* Dataset records:
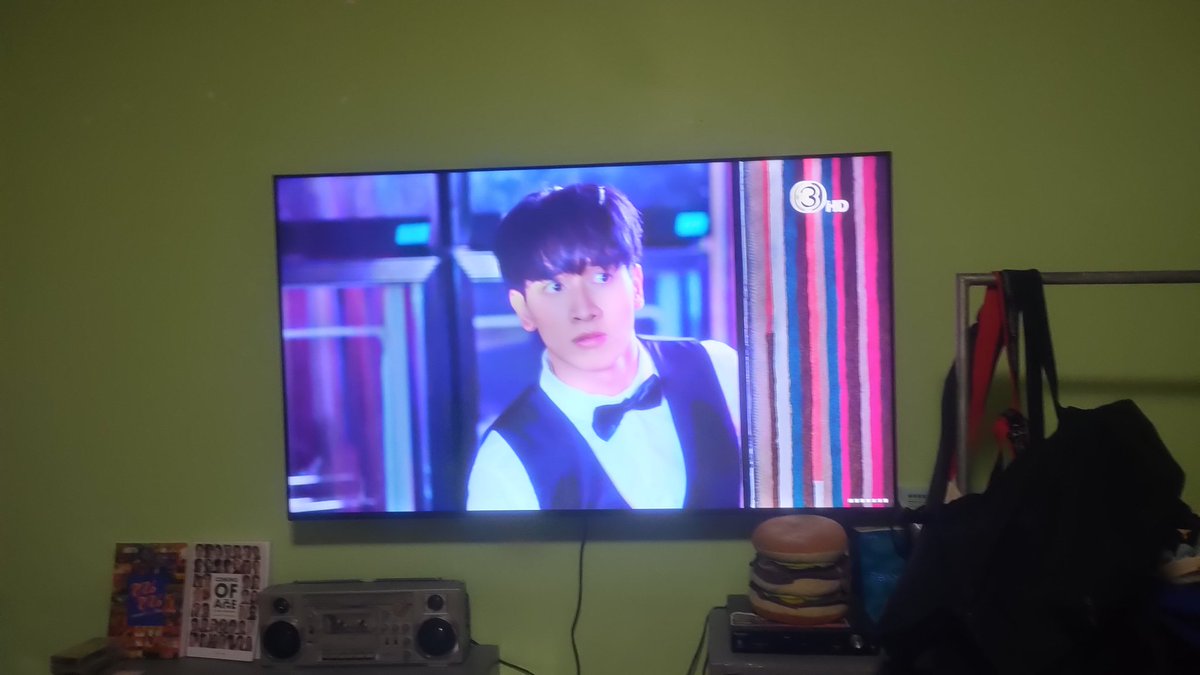 #ก็รักมันปักใจ มาแล้วจ้า
#ก็รักมันปักใจEP3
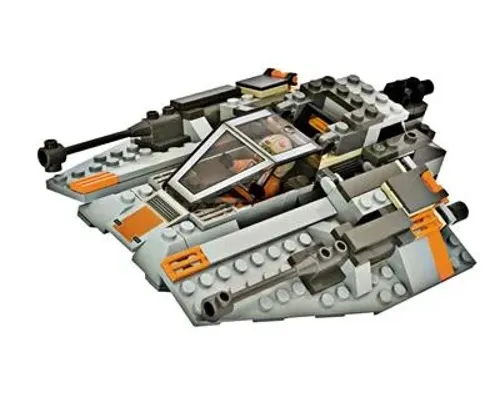 Snowspeeder Image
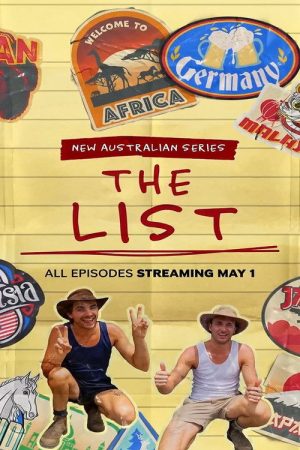 The List (2025) poster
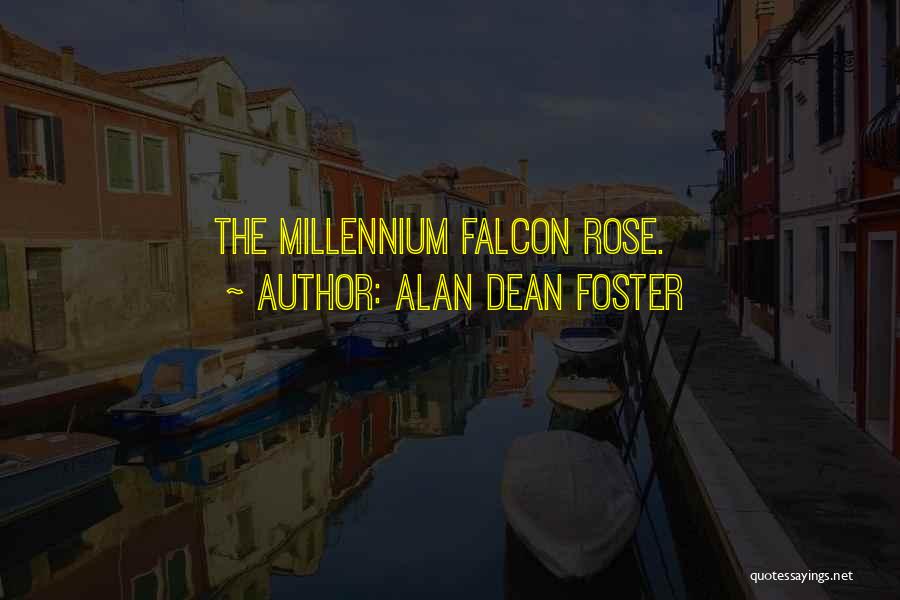 Alan Dean Foster Quotes 1652237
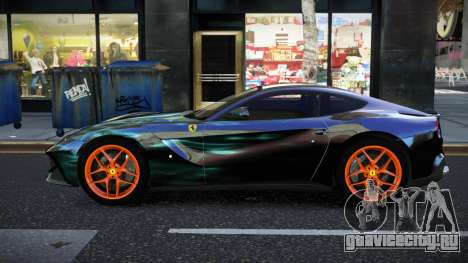 Ferrari F12 Onyrir S14 для GTA 4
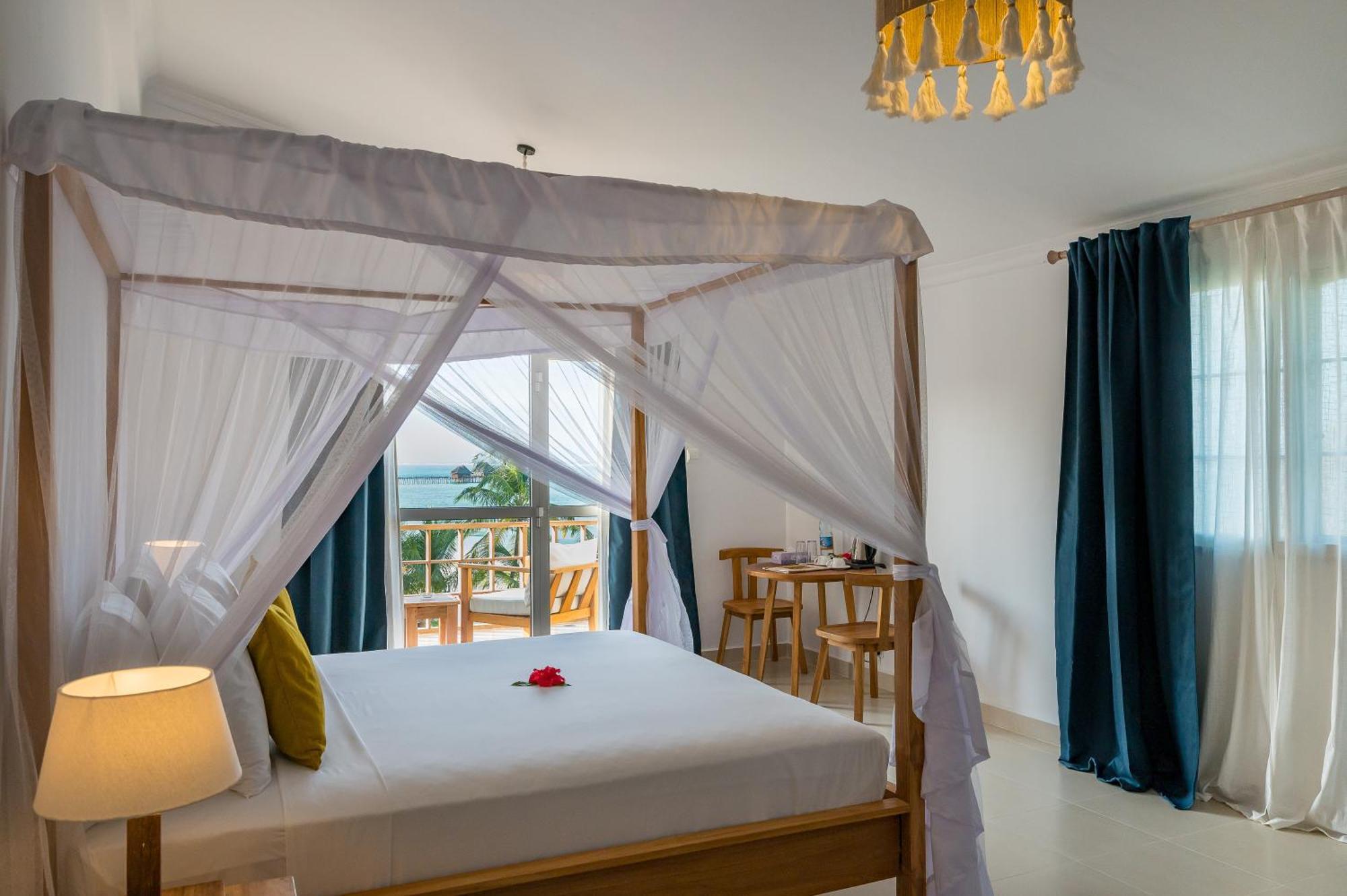 Ocean Boutique Hotel - Adults Only Pingwe Luaran gambar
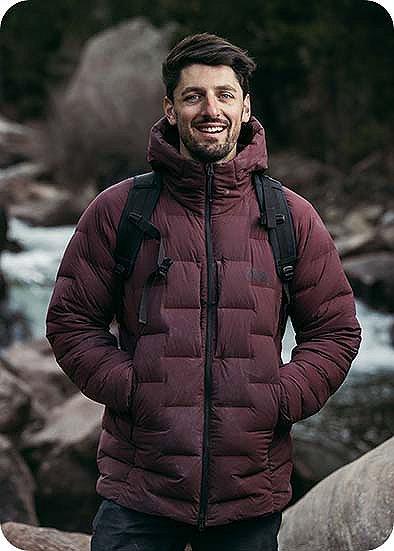 Men's Stretchdown™ Parka
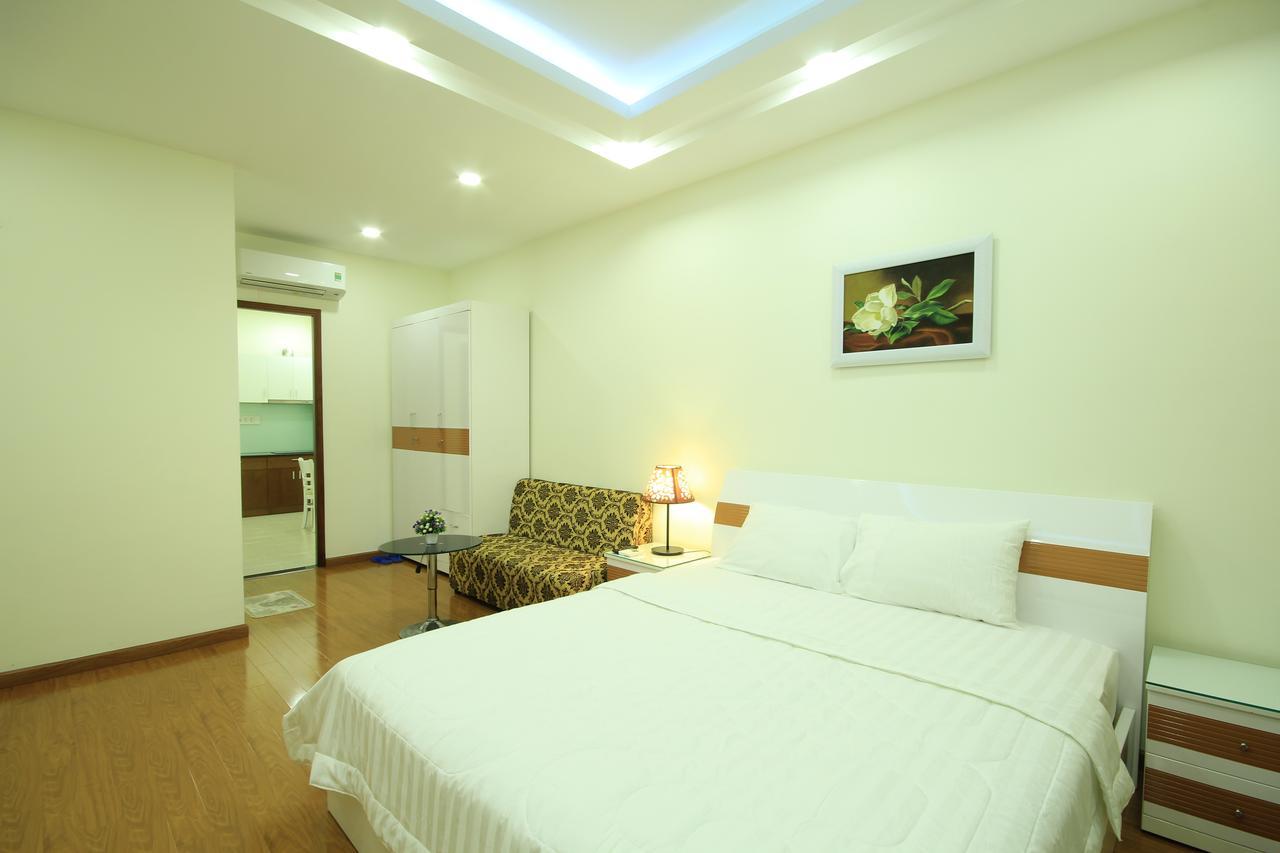 Smiley Apartment 15 Ho Chi Minh-byen Eksteriør bilde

* Work item: Print exactly the lines from the line with "Alan Dean Foster Quotes 1652237" through the end of the data, both ends included, and print no pictures.

* Exercise result:
 Alan Dean Foster Quotes 1652237
 Ferrari F12 Onyrir S14 для GTA 4
 Ocean Boutique Hotel - Adults Only Pingwe Luaran gambar
 Men's Stretchdown™ Parka
 Smiley Apartment 15 Ho Chi Minh-byen Eksteriør bilde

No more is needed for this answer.